Sampling considerations when analyzing micrometric-sized particles in a liquid jet using laser induced breakdown spectroscopy

• Micrometric-sized particles in suspensions are analyzed using LIBS and a liquid jet.
• The evolution of the sampling volume is estimated as a function of laser energy.
• The sampling volume happens to saturate beyond a certain laser fluence.
• Its value was found much lower than the beam diameter times the jet thickness.
• Particles proved not to be entirely vaporized.

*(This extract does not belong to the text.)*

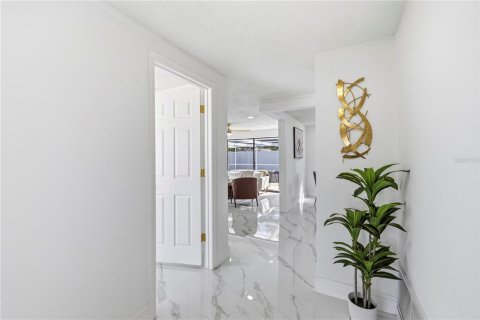 Villa ou maison à vendre à Port Richey, Floride: 3 chambres, 133.97 m2 № 2423758 - photo 14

Pollution of water is a matter of concern all over the earth. Particles are known to play an important role in the transportation of pollutants in this medium. In addition, the emergence of new materials such as NOAA (Nano-Objects, their Aggregates and their Agglomerates) emphasizes the need to develop adapted instruments for their detection. Surveillance of pollutants in particulate form in waste waters in industries involved in nanoparticle manufacturing and processing is a telling example of possible applications of such instrumental development. The LIBS (laser-induced breakdown spectroscopy) technique coupled with the liquid jet as sampling mode for suspensions was deemed as a potential candidate for on-line and real time monitoring.With the final aim in view to obtain the best detection limits, the interaction of nanosecond laser pulses with the liquid jet was examined. The evolution of the volume sampled by laser pulses was estimated as a function of the laser energy applying conditional analysis when analyzing a suspension of micrometric-sized particles of borosilicate glass. An estimation of the sampled depth was made. Along with the estimation of the sampled volume, the evolution of the SNR (signal to noise ratio) as a function of the laser energy was investigated as well. Eventually, the laser energy and the corresponding fluence optimizing both the sampling volume and the SNR were determined. The obtained results highlight intrinsic limitations of the liquid jet sampling mode when using 532 nm nanosecond laser pulses with suspensions.